画家という職種は、常に自己表現と向き合いながら創造することを求められる特異なもの。そのプロセスを深堀りしながら描く物語は、視覚的な感動とともに内面的な感情も揺さぶります。私たちが普段見えない芸術家の世界が、小説を通じて見えてくる瞬間は、まさに感動そのものですね。
また、画家たちの生き様が、自分自身の生き方や人生への視点を改めて考えさせてくれます。作品を作り上げる力強さ、自己表現のために直面する困難や挫折、そしてそれを乗り越えていく姿。それは芸術家だけでなく、人間としての真実を映し出しています。生き抜く力、創造する力、美を追求する力。そんな普遍的な要素が散りばめられた本作品群は、読むたびに新たな発見があります。
作品の世界観に浸るだけでなく、読後の余韻を楽しむのもまた、読書の醍醐味ですよね。

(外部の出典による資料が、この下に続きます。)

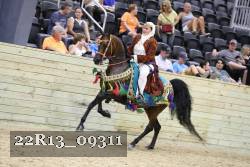 22R13_09311 thumbnail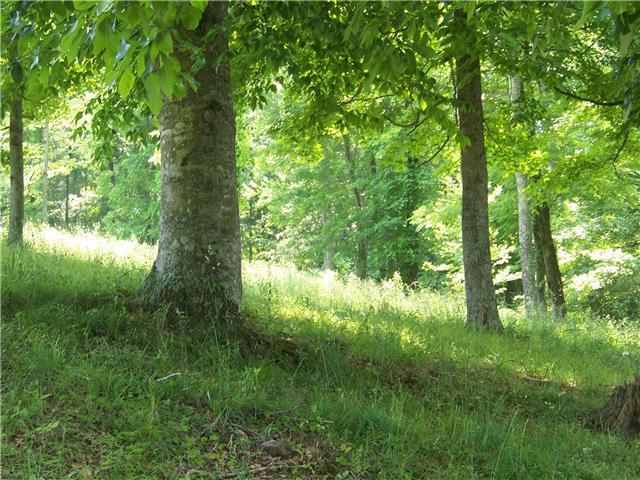 1721 Abednego Road Greenbrier, TN 37073 - Photo 18 of 20 THIS PROPERTY IS 36 ACRES. HAS A 10 ACRE PASTURE BEHIND HOUSE. PLENTY OF WOODS AND A SPRING FED POND IN WOODS.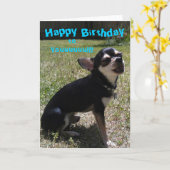 Chihuahua singt Happy Birthday! Karte (Gelbe Blume)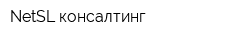 NetSL консалтинг
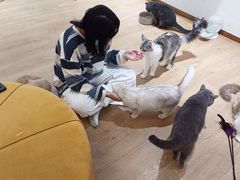 -1013 PET SHOP精品宠物商店(丁香店)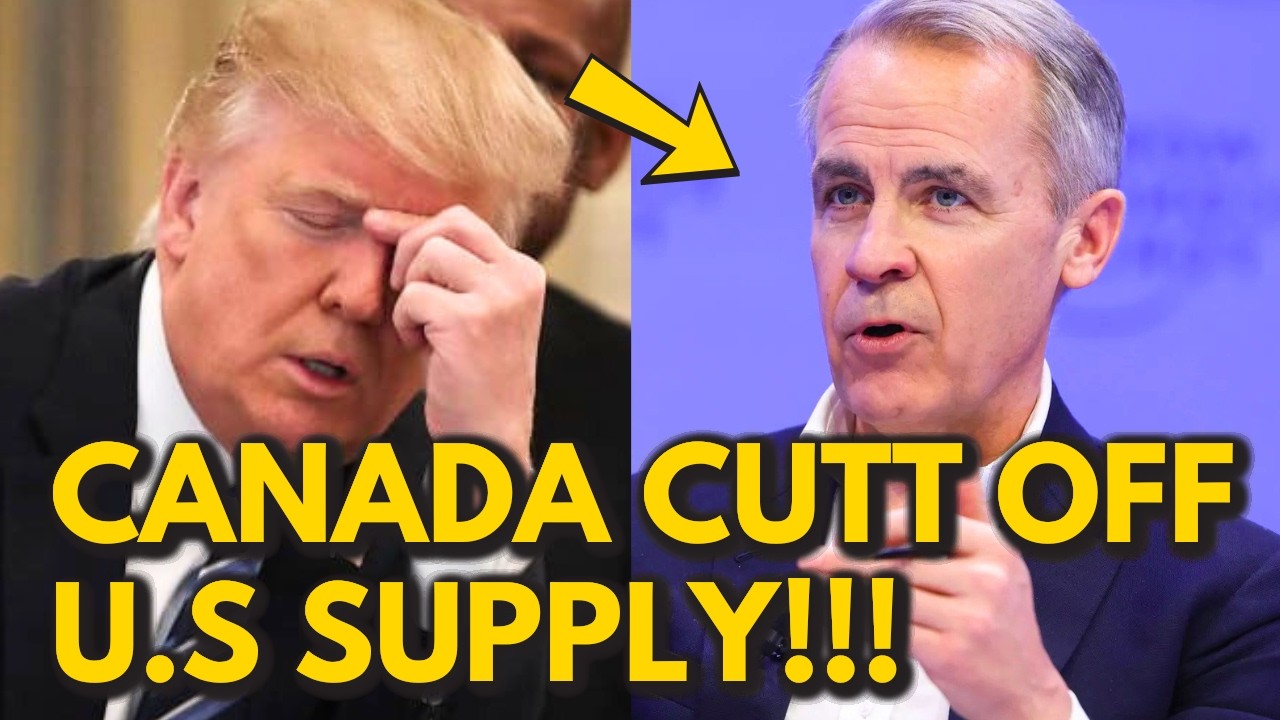 What Happens If Canada CUTTS OFF The United States SUPPLY CHAIN?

それぞれの作品の世界に違和感なく飛び込み、画家という特殊な職業の深淵を覗き見る。そんな体験ができるのも、読書ならではの贅沢だと思います。是非、あなたもこの機会に、画家たちが主人公の小説の世界に足を踏み入れてみてください。きっと新たな魅力とインスピレーションを見つけられるはずです。